* [Data extract]:
════

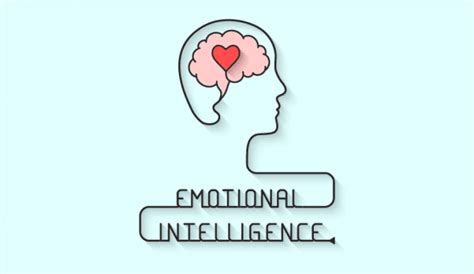 How Emotional Intelligence Helps in Improving Sales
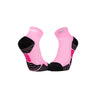 Chaussettes Running / Trail BV Sport Scrone.3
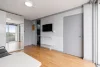 812/112-122 Goderich Street, Perth, WA 6000-Image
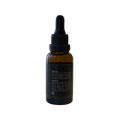 Beard Oil_2.png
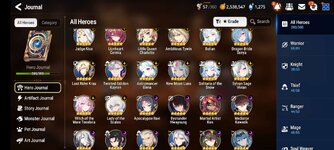 Screenshot_20250910_222701_Epic_Seven.jpeg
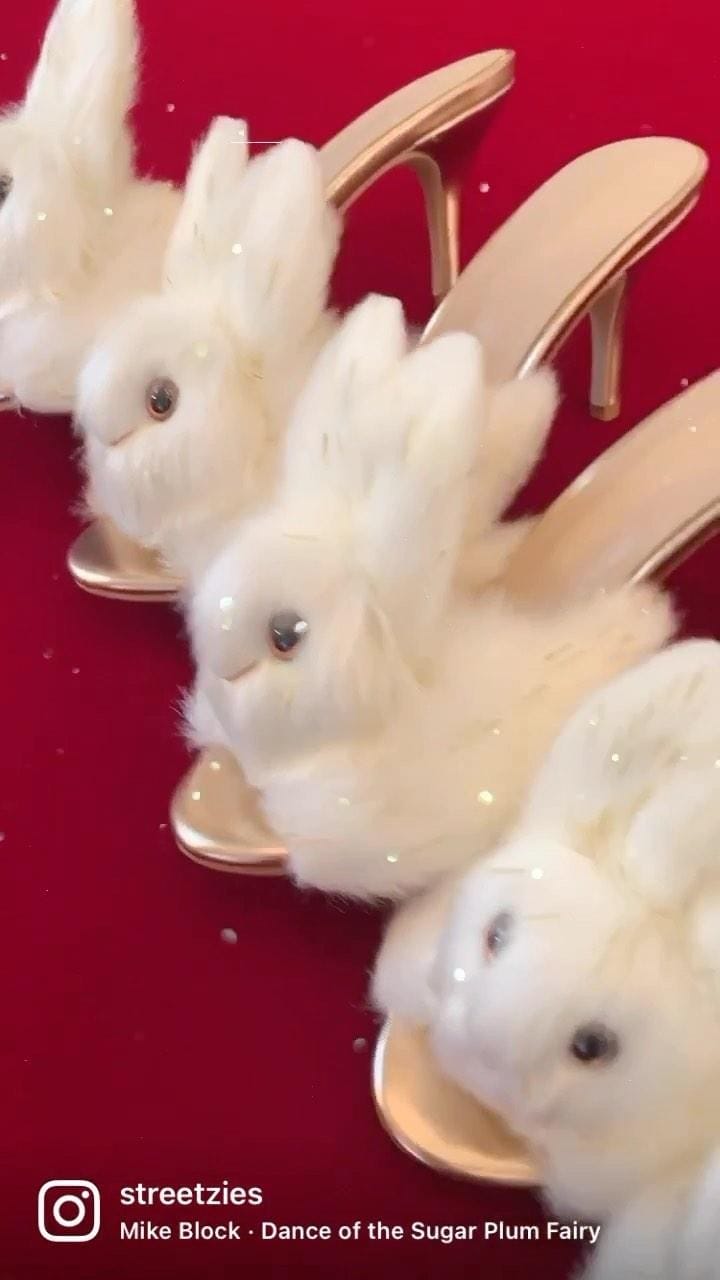 Post 6 by Streetzies on Instagram (video)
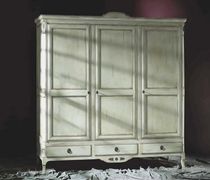 armoire de chambre de style ART. MA.27 STELLA DEL MOBILE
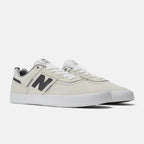 Nb Numeric Shoes 306 Jamie Foy Sea Salt Phantom Us Size Skateboard Sneakers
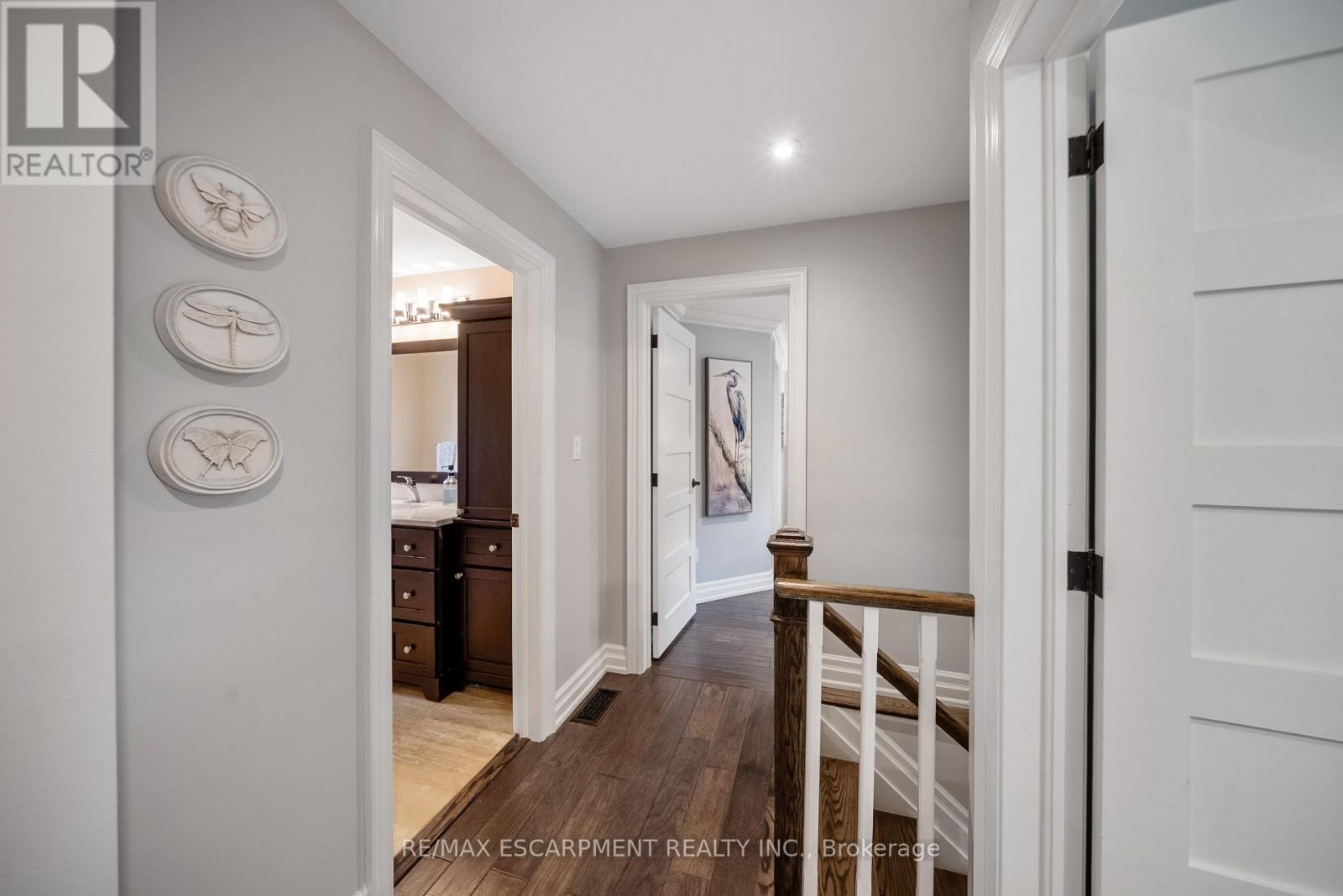 4446 Rogers Road, Burlington, Ontario  L7L 1S3 - Photo 25 - W13673634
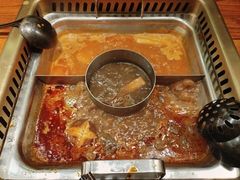 -仲盛世界商城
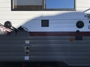 outside-speakers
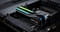 Фото - Модуль пам`ятi DDR5 2x16GB/6000 G.Skill Trident Z5 Neo RGB (F5-6000J3636F16GX2-TZ5NR) | click.ua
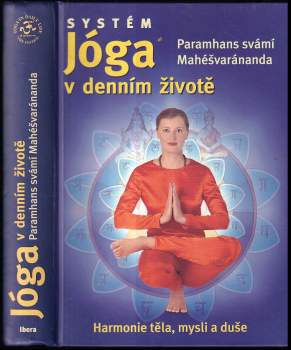 Systém "Jóga v denním životě"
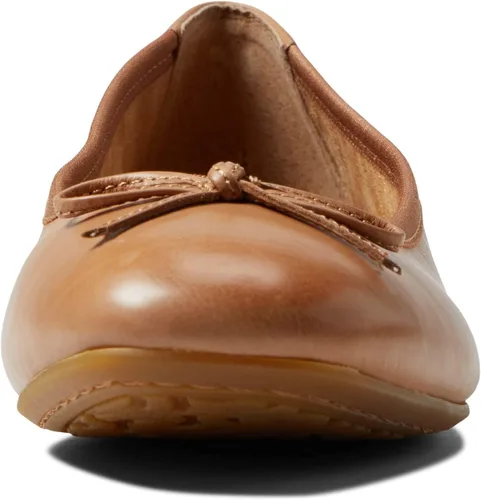 Vista 6 de BORN Brin Flat para mujer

════

* [Task to complete]: Every entry above is to be copied verbatim, with the pictures removed.

* [Answer to this task]:
 How Emotional Intelligence Helps in Improving Sales
 Chaussettes Running / Trail BV Sport Scrone.3
 812/112-122 Goderich Street, Perth, WA 6000-Image
 Beard Oil_2.png
 Screenshot_20250910_222701_Epic_Seven.jpeg
 Post 6 by Streetzies on Instagram (video)
 armoire de chambre de style ART. MA.27 STELLA DEL MOBILE
 Nb Numeric Shoes 306 Jamie Foy Sea Salt Phantom Us Size Skateboard Sneakers
 4446 Rogers Road, Burlington, Ontario  L7L 1S3 - Photo 25 - W13673634
 -仲盛世界商城
 outside-speakers
 Фото - Модуль пам`ятi DDR5 2x16GB/6000 G.Skill Trident Z5 Neo RGB (F5-6000J3636F16GX2-TZ5NR) | click.ua
 Systém "Jóga v denním životě"
 Vista 6 de BORN Brin Flat para mujer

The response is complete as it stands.